- **What to produce**
Leave out the pictures and set down exactly the lines from the start of the listing through the one with "WRN-43C固定法蘭錐形套", both included.

- **Data segment**
-------

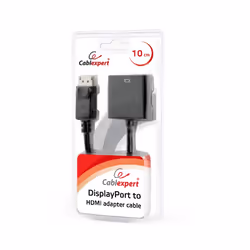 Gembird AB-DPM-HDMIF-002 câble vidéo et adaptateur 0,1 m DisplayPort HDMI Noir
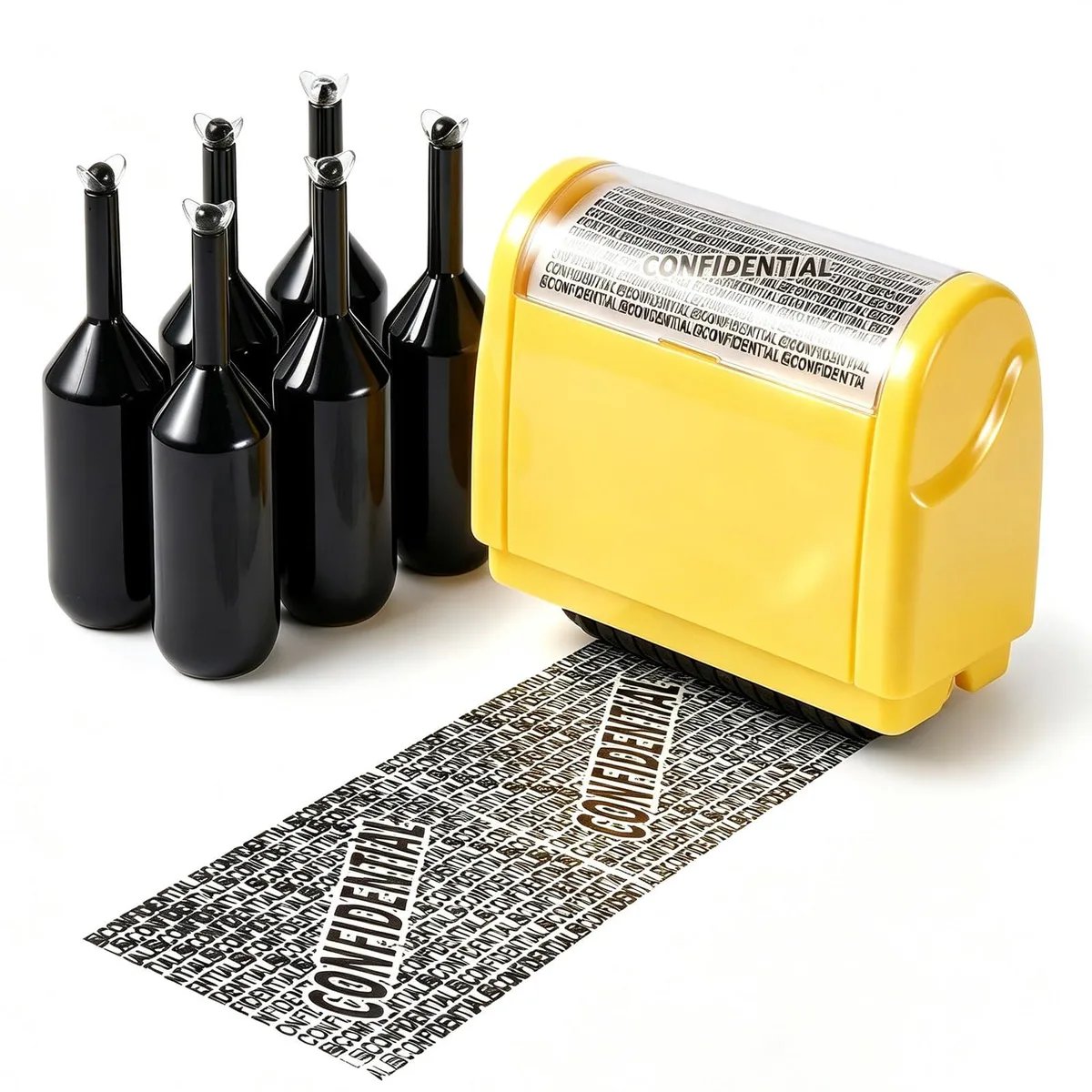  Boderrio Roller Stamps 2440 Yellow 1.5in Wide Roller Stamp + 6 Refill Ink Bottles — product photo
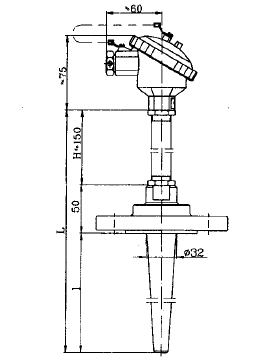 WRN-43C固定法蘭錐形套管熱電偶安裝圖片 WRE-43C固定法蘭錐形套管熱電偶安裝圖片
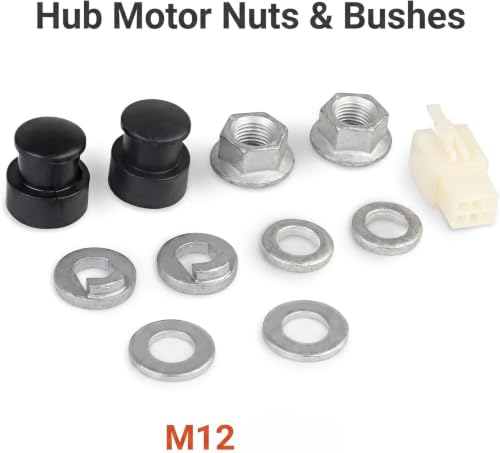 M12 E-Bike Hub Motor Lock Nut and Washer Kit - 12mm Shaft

-------

- **Reply**
 Gembird AB-DPM-HDMIF-002 câble vidéo et adaptateur 0,1 m DisplayPort HDMI Noir
  Boderrio Roller Stamps 2440 Yellow 1.5in Wide Roller Stamp + 6 Refill Ink Bottles — product photo
 WRN-43C固定法蘭錐形套管熱電偶安裝圖片 WRE-43C固定法蘭錐形套管熱電偶安裝圖片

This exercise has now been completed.